Objective: Quantify the health impacts on morbidity of reduced car trips and increased public transport and cycling trips.
Methods: A health impact assessment study of morbidity outcomes related to replacing car trips in Barcelona metropolitan (3,231,458 inhabitants). Through 8 different transport scenarios, the number of cases of disease or injuries related to physical activity, particulate matter air pollution <2.5 μm (PM2.5) and traffic incidents in travelers was estimated. We also estimate PM2.5 exposure and cases of disease in the general population.

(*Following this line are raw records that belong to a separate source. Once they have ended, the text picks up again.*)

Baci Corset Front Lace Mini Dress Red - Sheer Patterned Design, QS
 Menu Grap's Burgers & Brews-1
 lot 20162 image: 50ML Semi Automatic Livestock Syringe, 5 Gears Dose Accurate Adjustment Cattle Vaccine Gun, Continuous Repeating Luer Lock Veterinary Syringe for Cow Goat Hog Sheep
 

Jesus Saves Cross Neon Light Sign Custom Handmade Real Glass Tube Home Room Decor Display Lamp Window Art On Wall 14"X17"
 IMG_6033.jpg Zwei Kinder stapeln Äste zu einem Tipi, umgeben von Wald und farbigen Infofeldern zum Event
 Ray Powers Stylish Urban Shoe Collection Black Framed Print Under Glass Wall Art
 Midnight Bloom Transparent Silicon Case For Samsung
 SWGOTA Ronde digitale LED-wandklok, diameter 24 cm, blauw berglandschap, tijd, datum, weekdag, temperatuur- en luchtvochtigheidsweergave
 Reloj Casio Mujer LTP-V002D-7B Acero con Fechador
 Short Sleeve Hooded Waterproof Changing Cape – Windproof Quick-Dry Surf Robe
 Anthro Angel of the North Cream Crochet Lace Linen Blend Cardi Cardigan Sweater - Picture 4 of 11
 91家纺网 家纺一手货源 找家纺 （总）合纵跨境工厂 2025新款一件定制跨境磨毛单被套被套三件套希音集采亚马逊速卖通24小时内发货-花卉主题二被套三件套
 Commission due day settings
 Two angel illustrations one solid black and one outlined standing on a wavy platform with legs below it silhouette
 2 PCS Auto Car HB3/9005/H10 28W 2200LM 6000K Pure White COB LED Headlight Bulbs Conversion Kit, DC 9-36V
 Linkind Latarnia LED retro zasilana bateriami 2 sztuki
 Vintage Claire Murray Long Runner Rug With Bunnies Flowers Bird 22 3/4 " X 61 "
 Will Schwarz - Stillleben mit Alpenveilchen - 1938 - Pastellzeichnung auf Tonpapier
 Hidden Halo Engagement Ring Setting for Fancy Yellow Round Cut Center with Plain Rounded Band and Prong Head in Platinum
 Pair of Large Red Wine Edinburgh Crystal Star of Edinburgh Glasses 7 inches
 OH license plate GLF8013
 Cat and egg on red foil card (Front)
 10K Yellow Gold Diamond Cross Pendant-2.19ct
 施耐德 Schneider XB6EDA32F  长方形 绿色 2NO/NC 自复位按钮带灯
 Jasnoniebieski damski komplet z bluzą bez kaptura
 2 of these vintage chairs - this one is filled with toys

Results: A 40% reduction in long-duration car trips substituted by public transport and cycling trips resulted in annual reductions of 127 cases of diabetes, 44 of cardiovascular diseases, 30 of dementia, 16 minor injuries, 0.14 major injuries, 11 of breast cancer and 3 of colon-cancer, amounting to a total reduction of 302 Disability Adjusted Life Years per year in travelers. The reduction in PM2.5 exposure in the general population resulted in annual reductions of 7 cases of low birth weight, 6 of preterm birth, 1 of cardiovascular disease and 1 of lower respiratory tract infection.
Conclusions: Transport policies to reduce car trips could produce important health benefits in terms of reduced morbidity, particularly for those who take up active transportation.
Keywords: Air pollution; BAU; Bicycling; Business as usual; DALYs; Disability Adjusted Life Years; Fine particles (less than 2.5μm); HEI; HIA; Health Effects Institute; Health Impact Assessment; Health impact assessment; METs; MeSH; Medical Subject Headings; Metabolic Equivalent of Task; NO2; NOx; Nitrogen Dioxide; OECD; OR; Odds ratio; Organization for Economic Co-operation and Development; PM(10); PM(2.5); Particulate matter less than 10μm; Physical activity; Public transport; RR; Relative Risk; Traffic injuries; UFP; Ultra-fine Particles; WHO; World Health Organization; YLD; YLL; Years Lived with Disability; Years of Life Lost; nitrogen oxides.